昨年の10月に母親と山形の新庄方面まで温泉旅行へ行ったのですが、そのこの朝市でも南蛮味噌が売られていました。お味は、豆板醤青唐辛子味のもうちょっと辛さがあとに来るバージョンといった感じで、甘さは旨みと共にかすかに感じる程度。味と見た感じから推測する配合は、青唐辛子に味噌、それと若干お砂糖なのかなあ、という感じで、ぷるみえさんのお醤油と麹を配合するレシピとはちょっと異なるようですが、たぶんルーツは一緒のものでしょうね。こちらもご飯が何杯でも行けます。朝市のおばちゃんによると、ラーメンや炒め物にも使えるよ、とのことでした。メイドイン東北の豆板醤ってところでしょうか。

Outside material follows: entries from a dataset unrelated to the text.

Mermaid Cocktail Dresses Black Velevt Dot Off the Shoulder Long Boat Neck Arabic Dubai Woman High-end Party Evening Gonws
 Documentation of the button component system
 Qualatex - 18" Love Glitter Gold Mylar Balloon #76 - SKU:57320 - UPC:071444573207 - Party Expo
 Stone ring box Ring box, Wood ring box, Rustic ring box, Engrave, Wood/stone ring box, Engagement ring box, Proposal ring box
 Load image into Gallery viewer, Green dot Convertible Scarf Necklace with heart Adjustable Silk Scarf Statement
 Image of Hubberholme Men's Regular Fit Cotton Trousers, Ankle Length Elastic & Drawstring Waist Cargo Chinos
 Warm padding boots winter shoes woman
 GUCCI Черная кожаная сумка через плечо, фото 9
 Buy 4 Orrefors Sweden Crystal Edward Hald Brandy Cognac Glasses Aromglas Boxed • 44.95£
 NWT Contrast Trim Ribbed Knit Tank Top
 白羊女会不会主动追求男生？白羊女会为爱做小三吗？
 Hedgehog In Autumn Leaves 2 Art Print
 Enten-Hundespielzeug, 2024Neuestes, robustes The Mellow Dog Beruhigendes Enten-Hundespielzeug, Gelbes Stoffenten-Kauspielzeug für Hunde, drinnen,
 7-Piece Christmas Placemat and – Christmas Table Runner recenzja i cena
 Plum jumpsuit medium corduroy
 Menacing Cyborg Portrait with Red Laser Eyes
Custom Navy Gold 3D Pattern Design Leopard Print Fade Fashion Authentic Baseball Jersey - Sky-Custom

この件で初めて知ったのですが、母親の実家(仙台の北、石巻方面)でもこの南蛮味噌はよく作られていたそうです。唐辛子が採れる秋になると、どこのご家庭でも作られていたポピュラーな一品で、当然家庭毎に味が微妙に違うとか。(というか、私今まで食べてないんですけど。。。知っていたら作ってくれよ、ママン!という感じ。ショック) こういう郷土料理っていいですよねえ。シミジミ。
2005.01.23 [Sun]
ぷるみえ
青唐辛子(またはししとう)と糀とお醤油と涼しい環境があれば自宅でも作れますよ。三か月待つのもまたひとしおです。
2005.01.23 [Sun]
ぷらちな
・・・よだれがでてきました・・・ついでに腹もぐーと鳴ってます・・・w
2005.01.19 [Wed]
ぷるみえ
ウチではかなり長い間ちびちび食べてました。
発酵食品を自分で作るのって「もしかして腐らないかしら?」と心配になりますが、三か月置いてちゃんと完成しました。

ひしおみそにもきっと合いますよ。ごはん6杯いっちゃいますよ!
2005.01.19 [Wed]
あっこ
わー、こちらもおいしそうですね。
唐辛子が入っているから保存性も高そう。
これを見て思い付いたのですが、ひしおみそに唐辛子を入れてもおいしそうですねぇ。